Configure Concurrency Control and Queuing
Purpose: Create or modify a workload group to limit the number of concurrent queries and enable queuing.
Command:
CREATE WORKLOAD GROUP IF NOT EXISTS queue_group
PROPERTIES (
"max_concurrency" = "10",
"max_queue_size" = "20",
"queue_timeout" = "3000"
);
Parameter description:
| Parameter | Type | Default | Range | Description |
|---|---|---|---|---|
max_concurrency | integer | 2147483647 | [0, 2147483647] | Maximum query concurrency. The default value is the maximum integer, which means concurrency is unlimited. When the number of running queries reaches this limit, new queries enter the queuing logic. |
max_queue_size | integer | 0 | [0, 2147483647] | Length of the waiting queue. When the queue is full, new queries are rejected directly. The default value is 0, which means no queuing. |
queue_timeout | integer | 0 | [0, 2147483647] | Maximum time a query can wait in the queue, in milliseconds. After the timeout, a failure is returned to the client directly. The default value is 0, which means a failure is returned immediately after entering the queue. |
Example explanation:
The configuration above has the following meaning in a single-FE scenario:
- The cluster runs at most 10 queries concurrently.
- When concurrency is full, new queries enter the queue, which has a maximum length of 20.
- A query in the queue waits at most 3 seconds (3000 milliseconds), and a timeout returns a failure.
Queuing parameters take effect at the single-FE granularity and do not factor in the total number of FEs in the cluster. For example:
- With
max_concurrency = 1and 1 FE in the cluster, at most 1 SQL runs at the same time. - With
max_concurrency = 1and 3 FEs in the cluster, at most 3 SQLs run at the same time (1 per FE).

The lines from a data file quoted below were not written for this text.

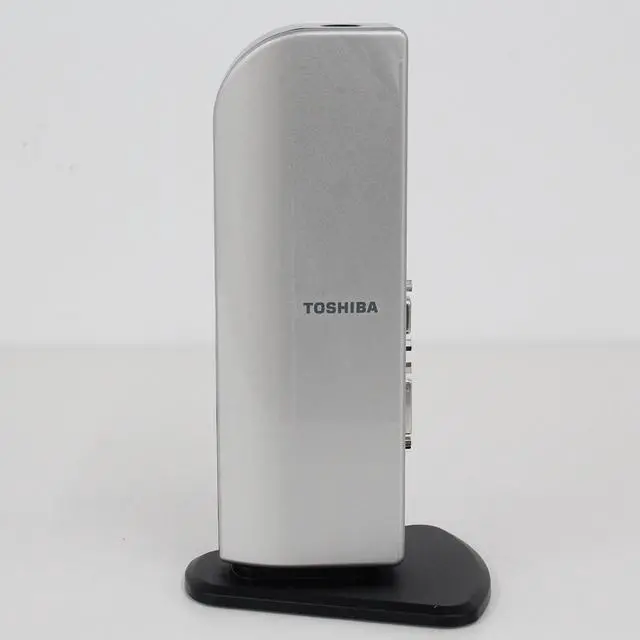 Alt view image 3 of 5 - Toshiba Dynadock U Universal USB Connect Docking Station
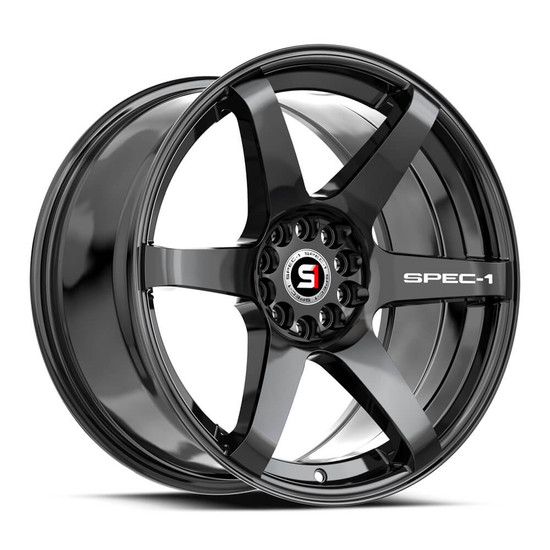 Spec-1 SPT-32 Blank 18x9 +38 Gloss Black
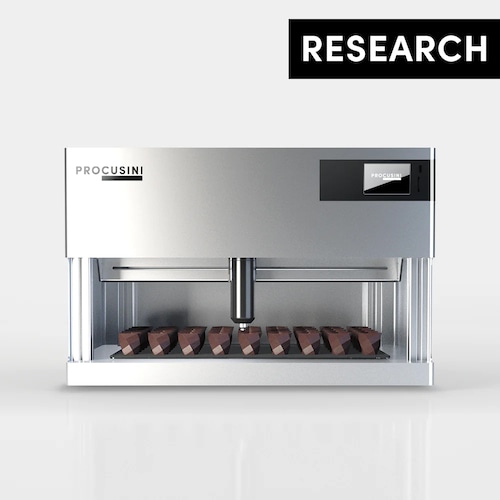 Procusini Research 3D food printer 研究・教育向けフードプリンター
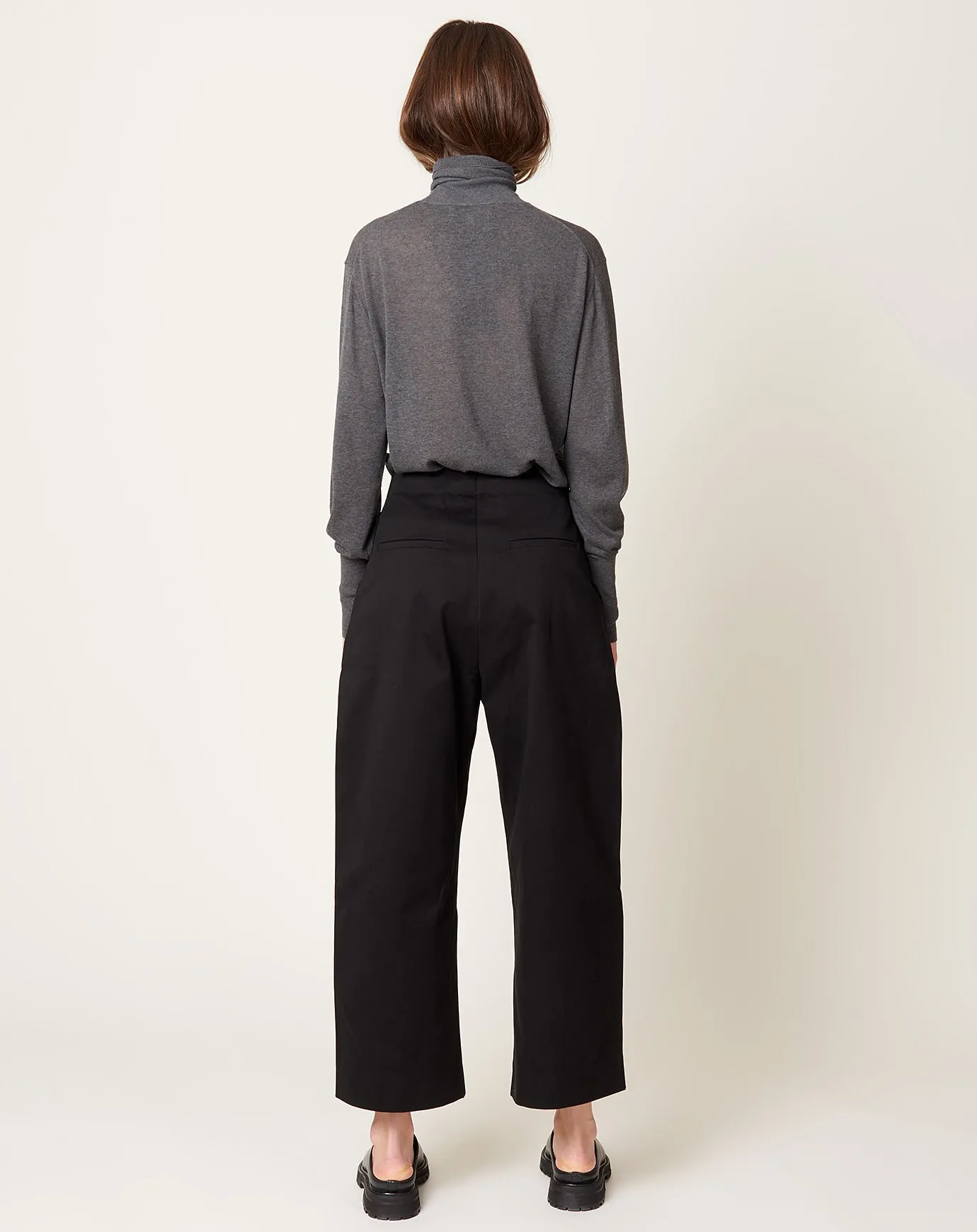 Dordoni Pant in Black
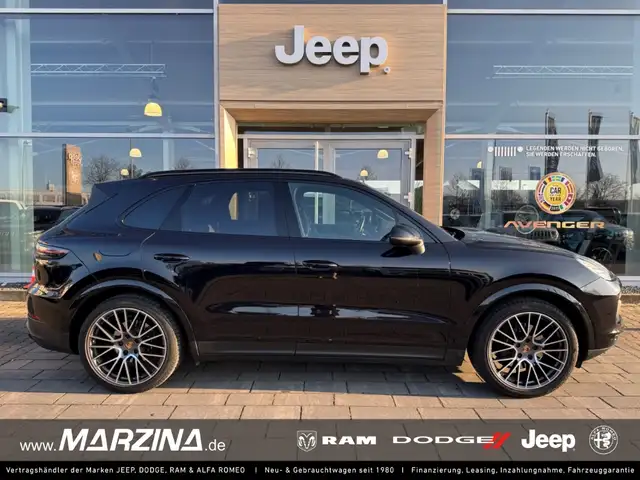 Porsche Cayenne Luftfederung AD Niveau AHK-el. klappb. El. Panodac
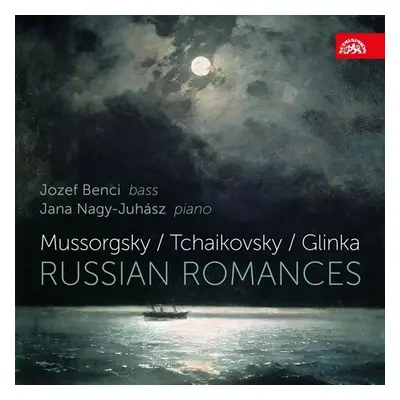 Ruské romance - CD - Jozef Benci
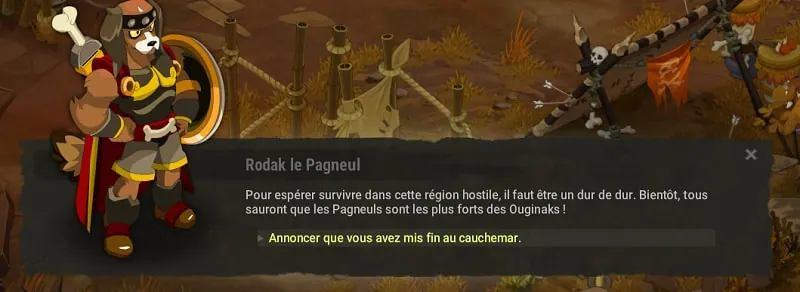 quête Cauchemars prémonitoires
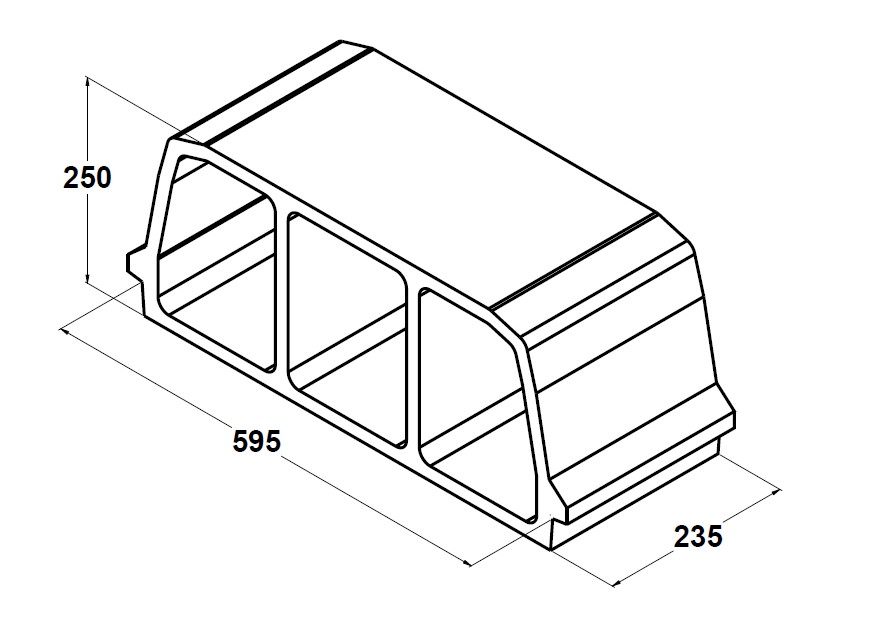 11042 Bovedilla 70x30x25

In a multi-FE cluster, set max_concurrency to the desired cluster-level concurrency divided by the number of FEs.
View the Current Queuing Status
Purpose: View the current number of running queries and queued queries for each workload group.
Command:
SHOW WORKLOAD GROUPS;
Example output:
mysql [(none)]> SHOW WORKLOAD GROUPS\G;
*************************** 1. row ***************************
Id: 1
Name: normal
cpu_share: 20
memory_limit: 50%
enable_memory_overcommit: true
max_concurrency: 2147483647
max_queue_size: 0
queue_timeout: 0
cpu_hard_limit: 1%
scan_thread_num: 16
max_remote_scan_thread_num: -1
min_remote_scan_thread_num: -1
memory_low_watermark: 50%
memory_high_watermark: 80%
tag:
read_bytes_per_second: -1
remote_read_bytes_per_second: -1
running_query_num: 0
waiting_query_num: 0
Key fields:
running_query_num: The number of queries currently running.waiting_query_num: The number of queries currently waiting in the queue.

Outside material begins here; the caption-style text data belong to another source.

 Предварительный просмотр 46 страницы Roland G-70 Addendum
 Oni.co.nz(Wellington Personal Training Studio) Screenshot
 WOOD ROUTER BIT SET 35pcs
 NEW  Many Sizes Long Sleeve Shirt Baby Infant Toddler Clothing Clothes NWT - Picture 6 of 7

Bypass the Queuing Limit (Administrator Operation)
Purpose: In operations scenarios, the administrator account needs to skip the queuing logic and execute management SQL directly.
Command:
SET bypass_workload_group = true;
Description: This setting is a session-level variable and only takes effect in the current session. Enable it temporarily only during operations, and disable it or re-establish the connection after the operation is complete.
FAQ
Q: A new query fails immediately and does not enter the queue**
queue_timeout = 0 or max_queue_size = 0 prevents queries from being queued. Set max_queue_size > 0 and queue_timeout > 0.
Q: Queries are rejected after the queue is full**
max_queue_size is set too small. Increase max_queue_size or raise max_concurrency.
Q: The concurrency limit in a multi-FE cluster does not match expectations**
Queuing parameters take effect at the single-FE granularity. Set max_concurrency to the target value divided by the number of FEs.
Q: Administrator operations are also blocked by the queue**
The bypass variable is not enabled. Run SET bypass_workload_group = true.